Becoming syntactic
Chang, F., Dell, G. S., and Bock, K. (2006). Becoming syntactic. Psychological Review, 113(2), 234–272 pdf.
Psycholinguistic research has shown that the influence of abstract syntactic knowledge on performance is shaped by particular sentences that have been experienced. To explore this idea, a connectionist model of sentence production was applied to the development and use of abstract syntax. The model makes use of (a) error-based learning to acquire and adapt sequencing mechanisms and (b) meaning-form mappings to derive syntactic representations. The model is able to account for most of what is known about structural priming in adult speakers, as well as key findings in preferential looking and elicited production studies of language acquisition. The model suggests how abstract knowledge and concrete experience are balanced in the development and use of syntax.
Contents:
1) Software
2) Architecture
4) Input
6) Downloads
7) Simple Message-Sentence Generator
8) Tutorial
Required Software:
LENS - the program that implements the model (version 2.6 or higher)

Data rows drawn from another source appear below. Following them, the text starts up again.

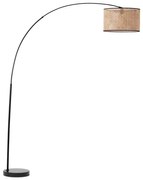 Brilliant - Stojacia lampa WILEY 1xE27/60W/230V čierna/béžová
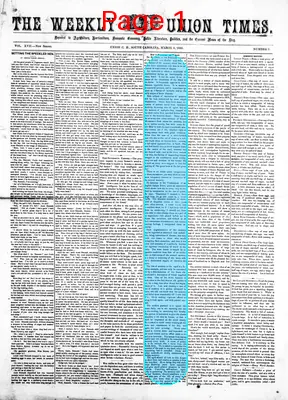 Page thumbnail for The Weekly Union Times
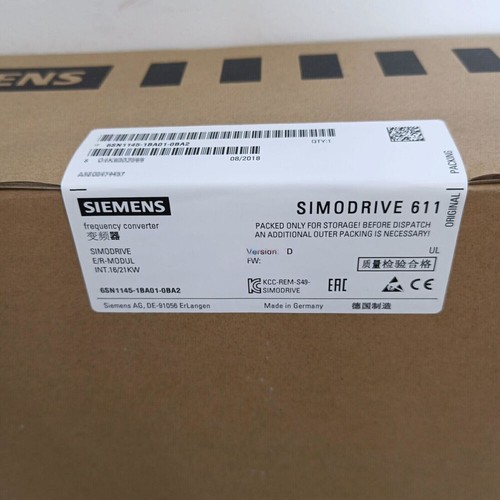 6SN1145-1BA01-0BA2 NEW SIEMENS SIMODRIVE 611 Power Module 6SN1145-1BA01-0BA2 - Picture 1 of 11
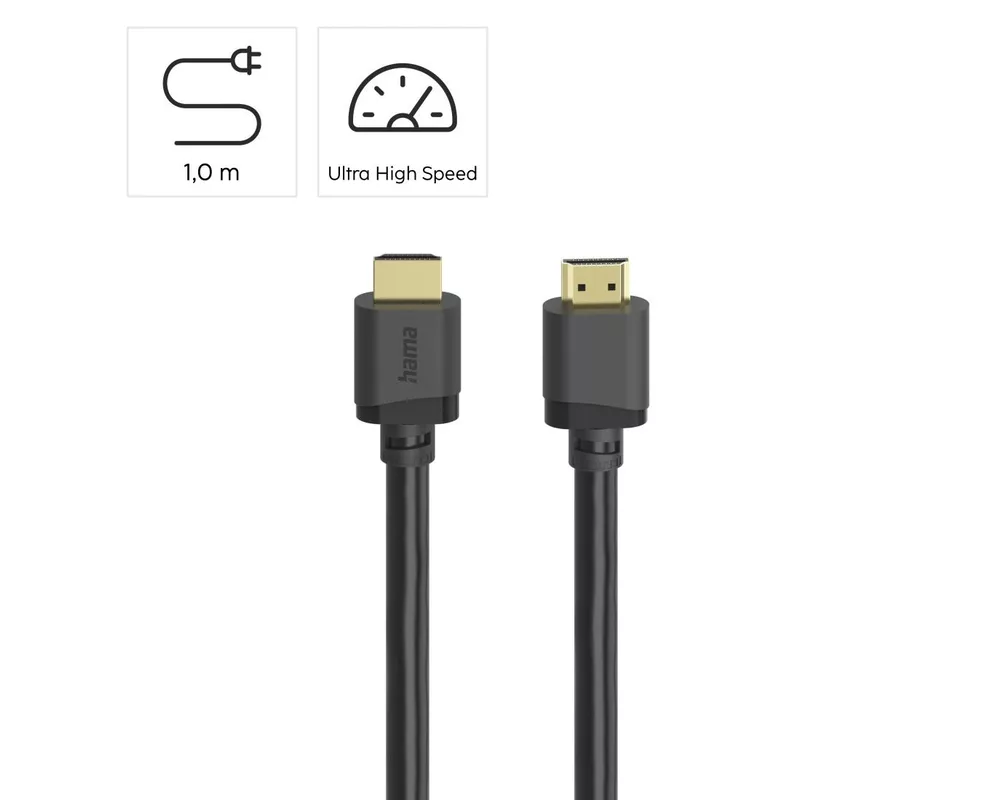 Кабел HDMI - HDMI Ultra HD, 8K, 48 Gbit/s, Ethernet, позл.конектори, 1 м 10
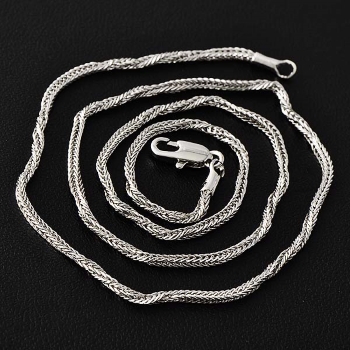 18K White Gold Filled NECKLACE 440*2mm 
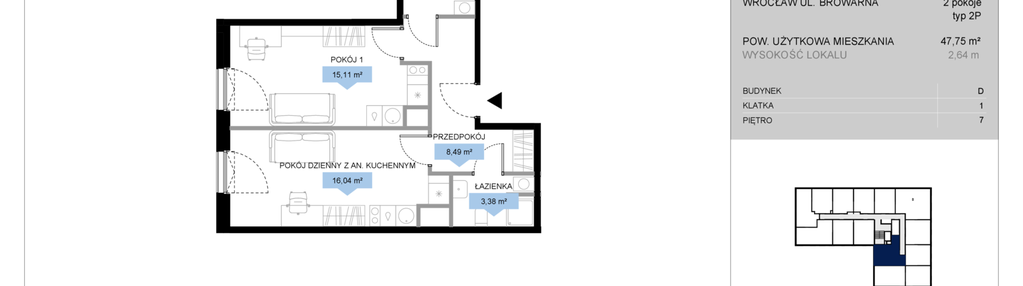 Mieszkanie w inwestycji: Bulwar Północny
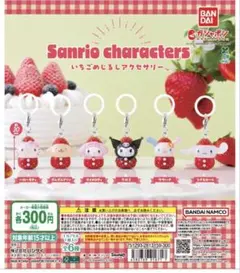 いちごめじるしアクセサリー　サンリオキャラクター　コンプリートセット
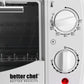 Better Chef 9 Liter Toaster Oven Broiler-White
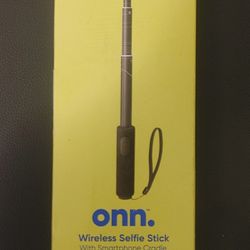 onn 12.9"-39" Wireless Selfie Stick with Smartphone Cradle, GoPro Mount and Bluetooth Shutter Remote, Black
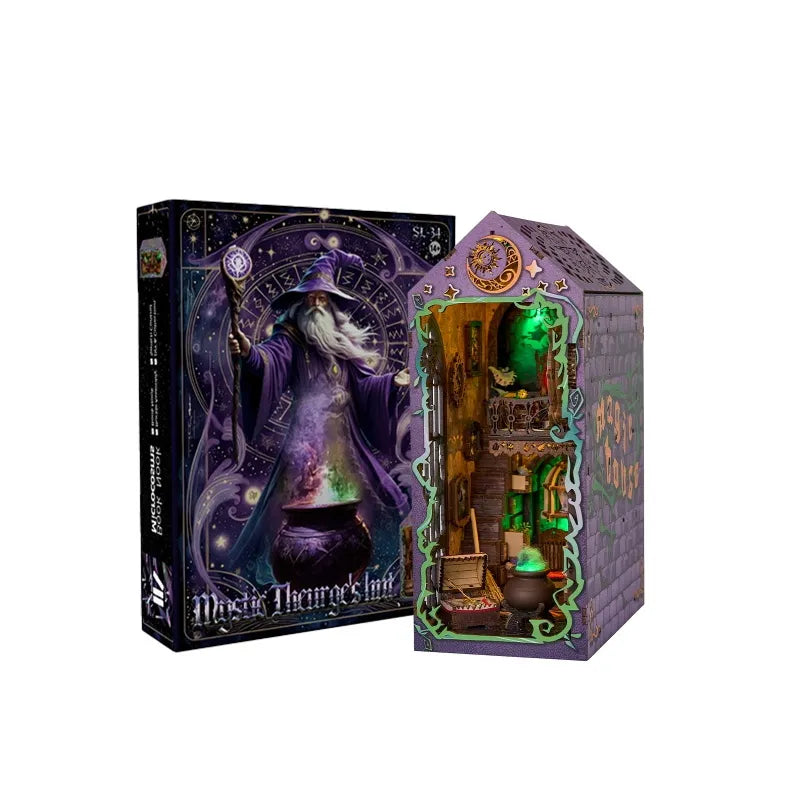 Mystic Theurge's Hut Book Nook Kit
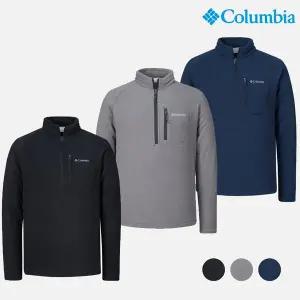 [컬럼비아](천안아산점) 남성 기본 솔리드 하프 집업 플리스 티셔츠 XO6410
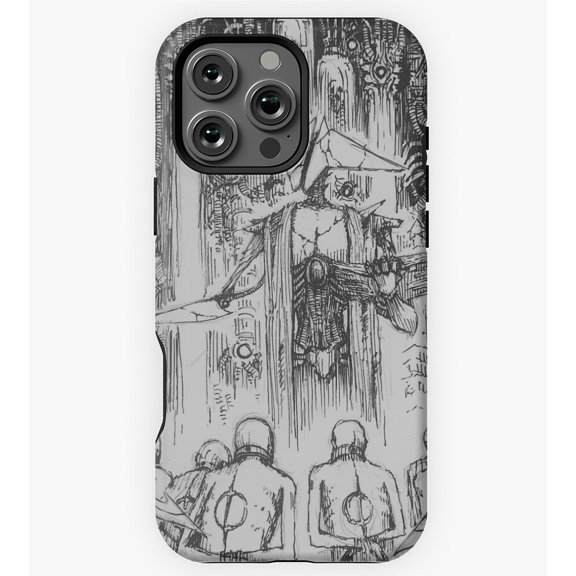 Phyrexian Visions I GA4733 Phone Case for iPhone 11 to 17 Pro Max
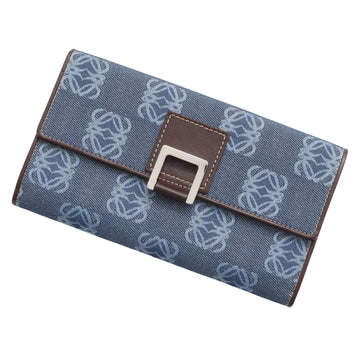 Loewe Anagram Blue Denim - Jeans Wallet 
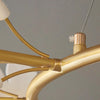 French creative ginkgo leaf living room chandelier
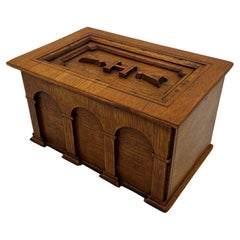 Neoclassical Decorative Box, Polished Oak, Germany circa 1900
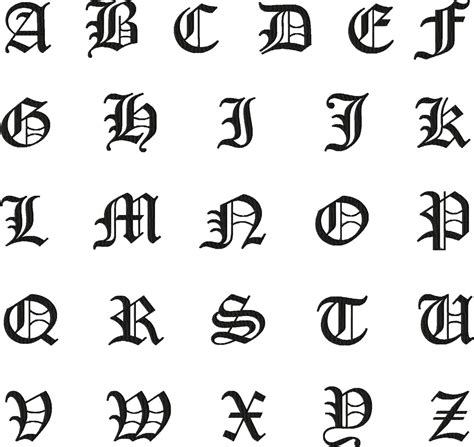 Check spelling or type a new query. Free Old English Machine Embroidery Font Set - Daily ...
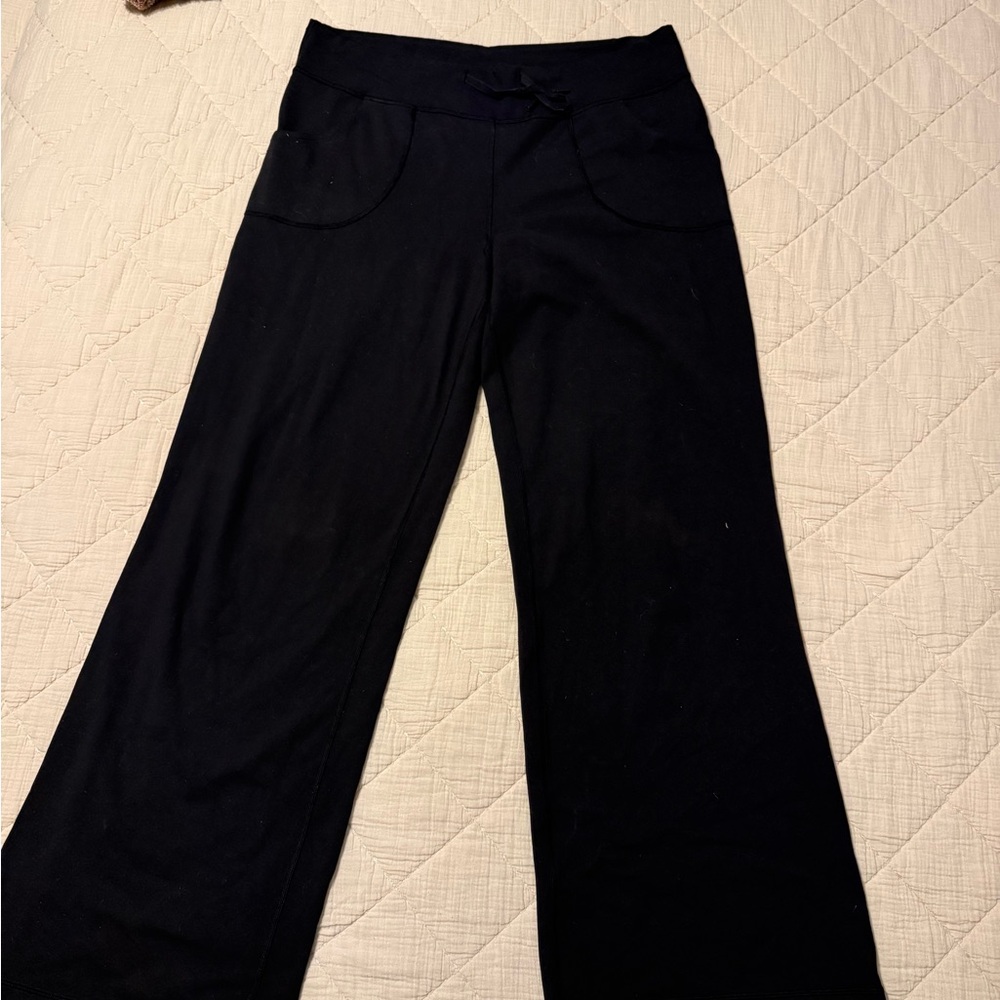 Lululemon Black Wide-Leg Pants
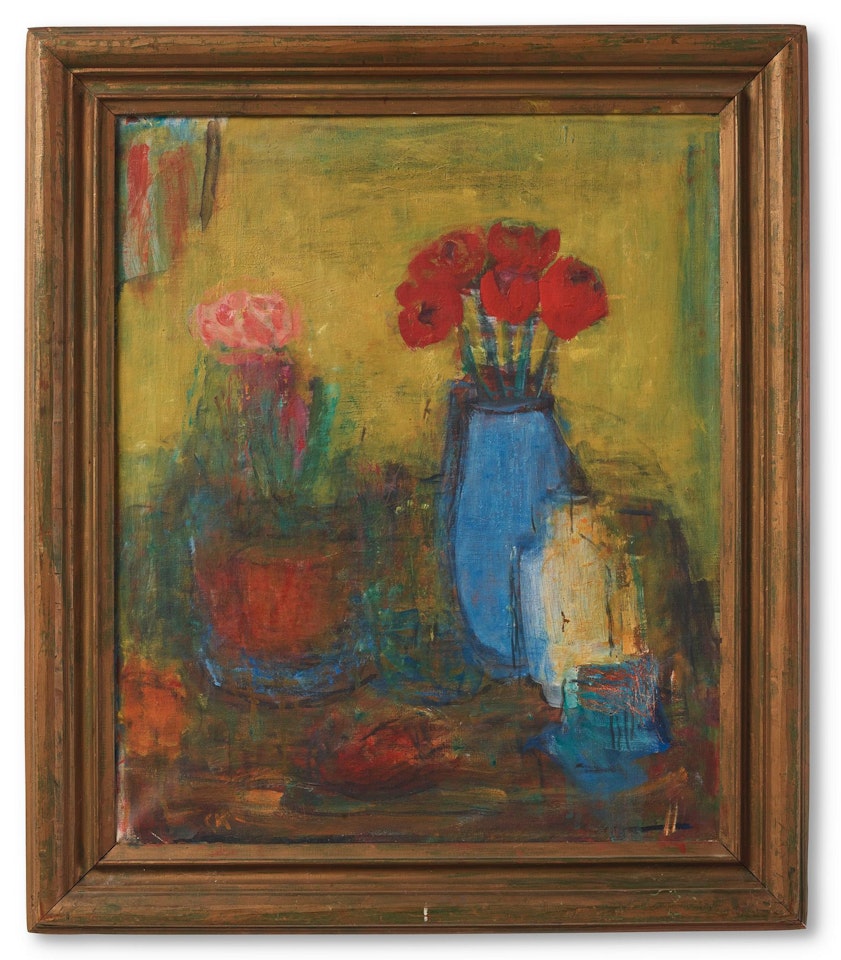 "Blommor på bord" by Carl Kylberg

Perl - creates the input and parses the output (version 5.8 or higher)
R - statistics (optional)
LENS uses tcl/tk, so knowledge of that language is useful for reading the code below.
Architecture of the model:
Single arrows are learned weights. Dashed arrows are fixed copy connections. Thick gray lines are fast-changing message weights. Double arrows are for target comparison (what unit output as target for cwhat unit are not shown).
The LENS code is below:
addNet dualPath -i 20
## these are the input layers, and their sizes are a bit bigger than the number of units in the paper, because the actual mapping\
for linguistic units to model units was slightly different (e.g., sometimes 0 was not used).
set semSize 147
set lexSize 165
set eventsemSize 19
set whereSize 20
## hidden layers (as in paper)
set hiddenSize 40
set contextSize $hiddenSize
set compressSize 20
set ccompressSize 20
## create layers
addGroup cword $lexSize ELMAN ELMAN_CLAMP ELMAN_CLAMP -BIASED OUT_NORM
addGroup ccompress $ccompressSize -BIASED
addGroup cwhat $semSize OUTPUT TARGET_COPY -BIASED -WRITE_OUTPUTS
addGroup cwhere2 $whereSize ELMAN ELMAN_CLAMP ELMAN_CLAMP -BIASED
addGroup cwhere $whereSize SOFT_MAX -BIASED
addGroup eventsem $eventsemSize LINEAR -BIASED
addGroup context $contextSize ELMAN OUT_INTEGR -BIASED
addGroup hidden $hiddenSize -BIASED
addGroup where $whereSize -BIASED
addGroup what $semSize -BIASED
addGroup compress $compressSize -BIASED
addGroup targ $lexSize INPUT
addGroup word $lexSize OUTPUT SOFT_MAX STANDARD_CRIT -BIASED
## parameters for connections
## hystersis 1=copy 0=no change
setObj context.dtScale 1
## connect layers
connectGroups cword cwhat -type cwordcwhat
connectGroups cwhat cwhere -type ww
connectGroups where what -type ww
connectGroups what word -type whatword
connectGroups hidden where -type hidwhere
connectGroups context hidden -type conthid
connectGroups cwhere hidden -type prehid
connectGroups cwhere2 hidden -type prehid
connectGroups eventsem hidden -type esemhid
connectGroups hidden compress word -type hidword
connectGroups cword ccompress hidden -type cwordhid
## connect bias
connectGroups bias eventsem -type bt
connectGroups bias what -type low
connectGroups bias cwhat -type low
## copy output of what units as training signal for cwhat units
copyConnect what cwhat outputs
## create elman unit connections and initial states
elmanConnect targ cword -r 1 -init 0.0
elmanConnect word cword -r 1 -init 0.0
elmanConnect cwhere cwhere2 -r 1 -init 0.0
elmanConnect cwhere2 cwhere2 -r 1 -init 0.0
elmanConnect hidden context -r 1 -init 0.5
## turn off learning for what-where cwhat-cwhere message weights
setLinkValue learningRate 0 -t ww
setLinkValues randMean 0 -t ww
setLinkValues randRange 0 -t ww
## turn off learning for event-semantic weights
setLinkValue learningRate 0 -t bt
setLinkValues randMean 0 -t bt
setLinkValues randRange 0 -t bt
## set bias of what units so that normal activation is low
setLinkValue learningRate 0 -t low
setLinkValues randMean -3 -t low
setLinkValues randRange 0 -t low
## seed and randomize network
randWeights -t low
freezeWeight -t low
Representing the Message in Weights
One novel aspect about the Dual-path model is the use of weights to instantiate the message. This is done using functions that are called within the environment files (*.ex).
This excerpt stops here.